### [Entries supplied]
▬▬▬▬▬▬

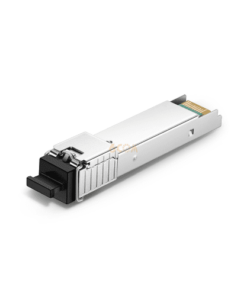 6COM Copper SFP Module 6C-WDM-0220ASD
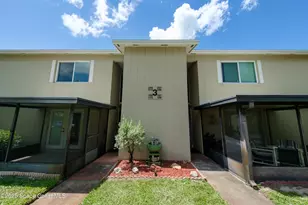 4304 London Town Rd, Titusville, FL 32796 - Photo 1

▬▬▬▬▬▬

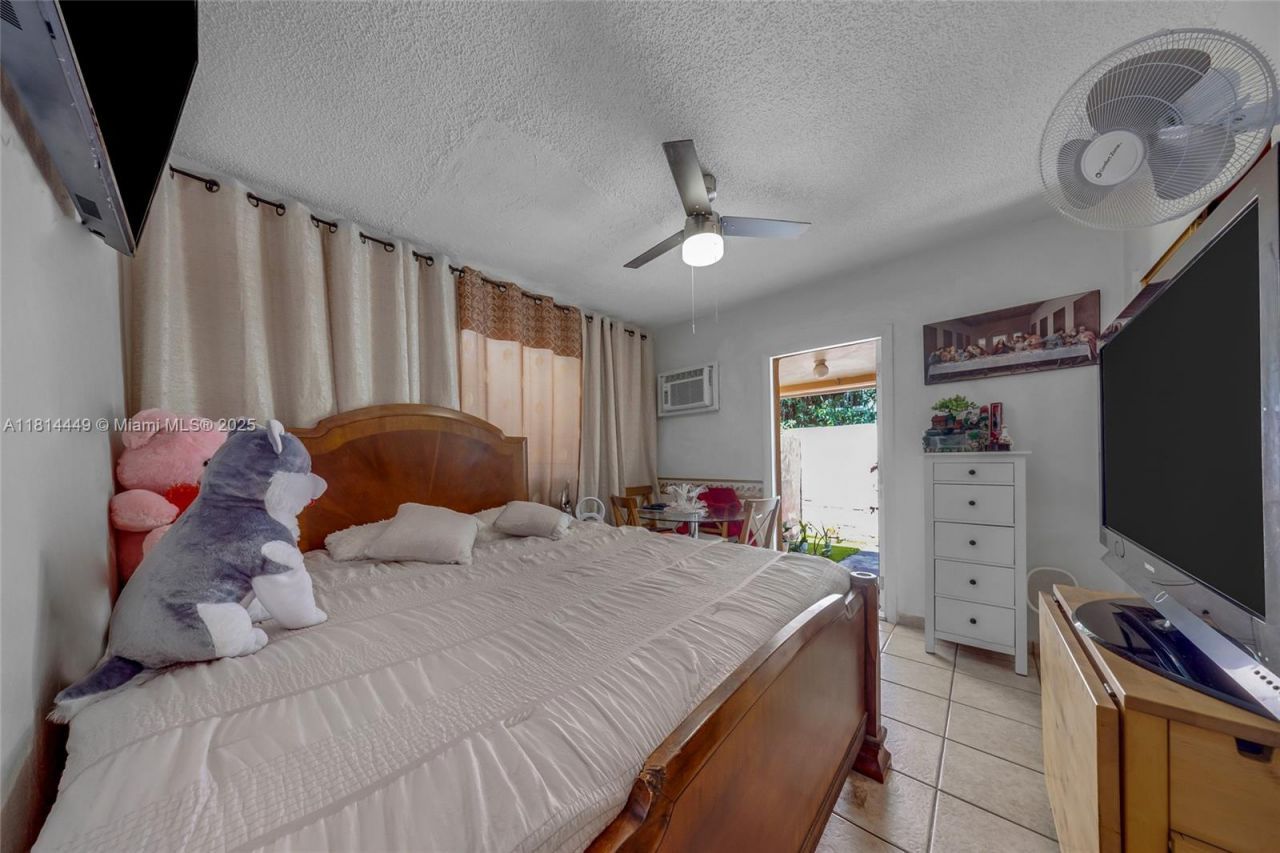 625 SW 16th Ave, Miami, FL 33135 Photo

▬▬▬▬▬▬

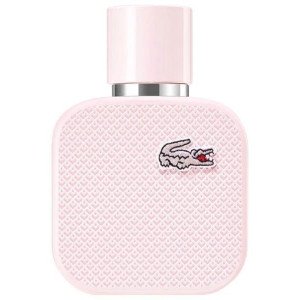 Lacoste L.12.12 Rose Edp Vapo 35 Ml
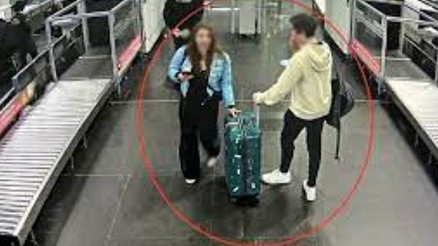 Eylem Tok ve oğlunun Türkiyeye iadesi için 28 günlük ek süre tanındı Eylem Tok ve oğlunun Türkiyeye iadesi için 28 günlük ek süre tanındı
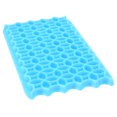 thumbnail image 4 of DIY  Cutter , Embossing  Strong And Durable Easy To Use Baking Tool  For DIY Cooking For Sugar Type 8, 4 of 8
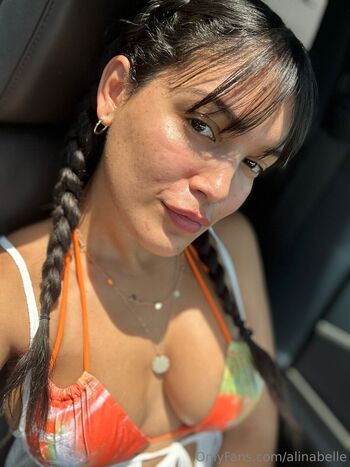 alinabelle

▬▬▬▬▬▬

### [Assigned task]
Within the listing above, find the line containing "Lacoste L.12.12 Rose Edp Vapo 35 Ml" and the line containing "süre tanındı Eylem". Transcribe them and everything between them exactly, leaving out the pictures.

### [Answer for this exercise]
 Lacoste L.12.12 Rose Edp Vapo 35 Ml
 Eylem Tok ve oğlunun Türkiyeye iadesi için 28 günlük ek süre tanındı Eylem Tok ve oğlunun Türkiyeye iadesi için 28 günlük ek süre tanındı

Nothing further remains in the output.